About Rat Bite Fever (RBF)

Key points

  • Rat-bite fever (RBF) is an infectious disease people can get from contact with rodents.
  • Anyone can get RBF, but having pet rodents or working with rodents may increase your risk.
  • If you have RBF symptoms and had recent contact with rodents, see a healthcare provider immediately.
  • RBF must be treated quickly, or it can cause severe illness and possibly death.
A mouse in the palm of a hand


Anyone can get RBF if they have contact with rodents infected with the bacteria that cause RBF. Certain groups of people are more at risk for this serious and sometimes deadly disease.

The rodents that carry RBF include rats, mice, gerbils, guinea pigs, and squirrels. The bacteria that cause RBF is part of the natural germs in these rodents' bodies. Rodents that are carrying the bacteria that cause RBF do not show signs of illness, so it's not possible to tell if a rodent carries the bacteria just by looking at it.

If you know you were bitten or scratched by a rodent, and you develop symptoms consistent with RBF, you should seek medical care immediately. The infection is resistant to many commonly used antibiotics. Getting treatment with the right antibiotics is important to keep the disease from progressing.

Thankfully, RBF is rare in the United States. But you should know many of these rodents that can carry it are popular pets, which can put people at risk. People who work in pet stores or labs with rodents also could be at higher risk.


The early symptoms of RBF can be like the flu. If you were infected by contact with rodents in North America, symptoms usually include fever, vomiting, headache, and muscle pain. About half of people will also have joint pain or swelling, and 3 in 4 will develop a rash.

Symptoms usually begin 3 to 10 days after your contact with rodents. They can appear up to 21 days after the contact. By that time, the bite or scratch should be healed. This might make it hard to remember you were bitten.

Within 2 to 4 days after the fever begins, a rash may appear on the hands and feet. This rash looks like flat, reddened areas with small bumps. One or more joints may then become swollen, red, or painful.

The bacteria that cause RBF in Asia can be different than the bacteria that causes RBF in North America. If you were infected by contact with rodents in Asia, your symptoms might be different. They can include fever, swelling around the bite if you have one, rash, and swollen lymph nodes. As with the type of RBF found in North America, getting early treatment is important to protecting your health.

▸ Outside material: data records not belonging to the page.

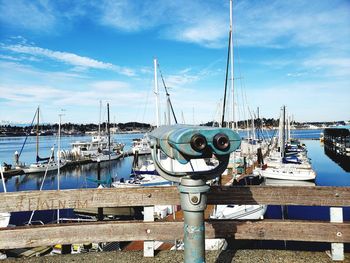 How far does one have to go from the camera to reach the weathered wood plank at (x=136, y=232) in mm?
3738

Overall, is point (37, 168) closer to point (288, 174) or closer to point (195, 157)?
point (288, 174)

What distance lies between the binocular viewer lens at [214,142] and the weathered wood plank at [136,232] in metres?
1.78

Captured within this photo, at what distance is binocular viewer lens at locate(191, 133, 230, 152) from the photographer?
2316 millimetres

Complications of RBF can include pockets of infected fluid in the body, like in your belly. The disease can also cause infections of many major organs, including the liver, kidneys, lungs, heart, brain, and nervous system.

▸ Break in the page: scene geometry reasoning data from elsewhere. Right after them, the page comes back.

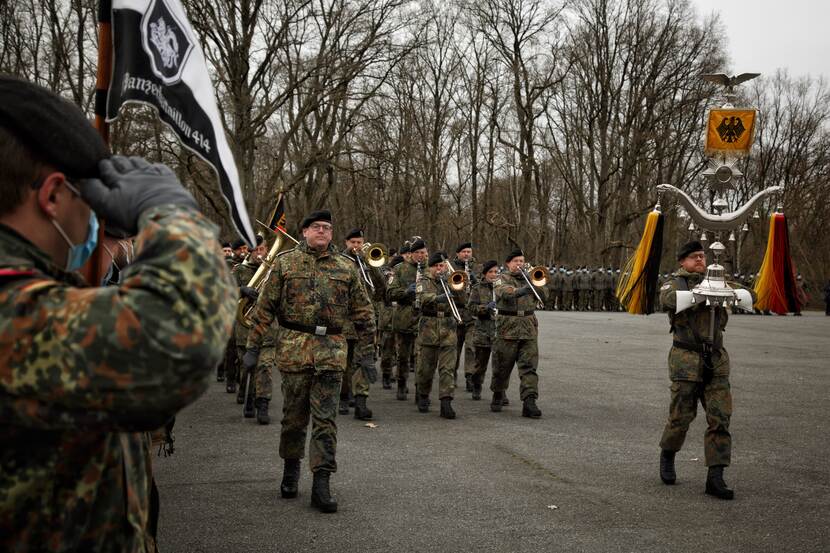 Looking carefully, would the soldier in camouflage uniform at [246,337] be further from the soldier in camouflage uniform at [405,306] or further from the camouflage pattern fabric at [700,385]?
the camouflage pattern fabric at [700,385]

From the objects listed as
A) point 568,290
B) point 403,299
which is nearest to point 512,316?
point 403,299

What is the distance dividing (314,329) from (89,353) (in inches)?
193

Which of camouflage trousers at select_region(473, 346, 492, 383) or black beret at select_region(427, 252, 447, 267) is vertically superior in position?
black beret at select_region(427, 252, 447, 267)

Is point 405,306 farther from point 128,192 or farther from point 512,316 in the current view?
point 128,192

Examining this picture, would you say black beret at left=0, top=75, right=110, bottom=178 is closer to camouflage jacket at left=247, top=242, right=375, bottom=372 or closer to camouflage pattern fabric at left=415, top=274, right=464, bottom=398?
camouflage jacket at left=247, top=242, right=375, bottom=372

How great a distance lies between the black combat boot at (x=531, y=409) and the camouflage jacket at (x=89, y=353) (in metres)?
8.77

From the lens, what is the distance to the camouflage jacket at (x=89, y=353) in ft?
4.52

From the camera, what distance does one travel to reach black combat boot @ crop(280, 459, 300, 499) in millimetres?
6098

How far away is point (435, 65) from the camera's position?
41.1 meters

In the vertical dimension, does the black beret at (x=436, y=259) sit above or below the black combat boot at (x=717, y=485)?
above

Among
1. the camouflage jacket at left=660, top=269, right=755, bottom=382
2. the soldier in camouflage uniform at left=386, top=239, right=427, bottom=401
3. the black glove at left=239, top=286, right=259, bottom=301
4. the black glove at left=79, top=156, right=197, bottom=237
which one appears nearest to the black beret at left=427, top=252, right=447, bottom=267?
the soldier in camouflage uniform at left=386, top=239, right=427, bottom=401

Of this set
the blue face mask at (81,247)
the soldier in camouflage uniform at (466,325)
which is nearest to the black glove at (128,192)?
the blue face mask at (81,247)

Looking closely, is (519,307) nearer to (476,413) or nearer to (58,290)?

Early treatment with antibiotics is important to try to prevent complications of RBF. These complications can include pockets of infected fluid in the body, like in your belly. The disease can also cause infections of many major organs, including the liver, kidneys, lungs, heart, brain, and nervous system. These complications are rare but can be very serious and even deadly.

How it spreads

RBF can spread to people through scratches, bites, or contact with a rodent's saliva or pee. It can also spread by having contact with contaminated materials (rat bedding, cages, etc.), kissing pet rats, or eating or drinking contaminated food or drinks. RBF transmission does not necessarily require contact with rodents.

If you have pet rodents or handle rodents as feed for snakes/reptiles, you can be at increased risk for RBF. Other at risk include people who work at pet stores or laboratories where they may have contact with rodents.

Although rare, some animals like dogs, cats, ferrets, and rabbits can be infected by contact with infected rodents and then pass the infection on to people. People usually start to show signs they are sick 3-10 days after exposure. The virus cannot be spread between people.


You can lower your risk for RBF by avoiding contact with rodents, places with rodent infestations, or other areas where rodents may be present.

Although RBF is rare, it is important to take precautions and practice good hygiene when handling or coming into contact with rodents or potentially contaminated materials.

If you have pet rodents, handle rodents as feed for reptiles, or work with rodents in a pet store or laboratory, protect yourself from RBF by following CDC's small mammal guidance.

Quick facts

Quick facts‎

If you think you might have RBF, you should see your doctor immediately

Treatment and recovery

If you develop signs or symptoms of RBF, immediately contact a healthcare provider. Make sure to tell your provider about your contact with rodents.

Antibiotics can cure the disease if treatment is started soon after you become sick. It is important that you follow your healthcare provider's instructions. Take all of the medicine prescribed to you, even if you start to feel better.

These courses of treatment are very effective but if for some reason your symptoms worsen, see your health care provider immediately.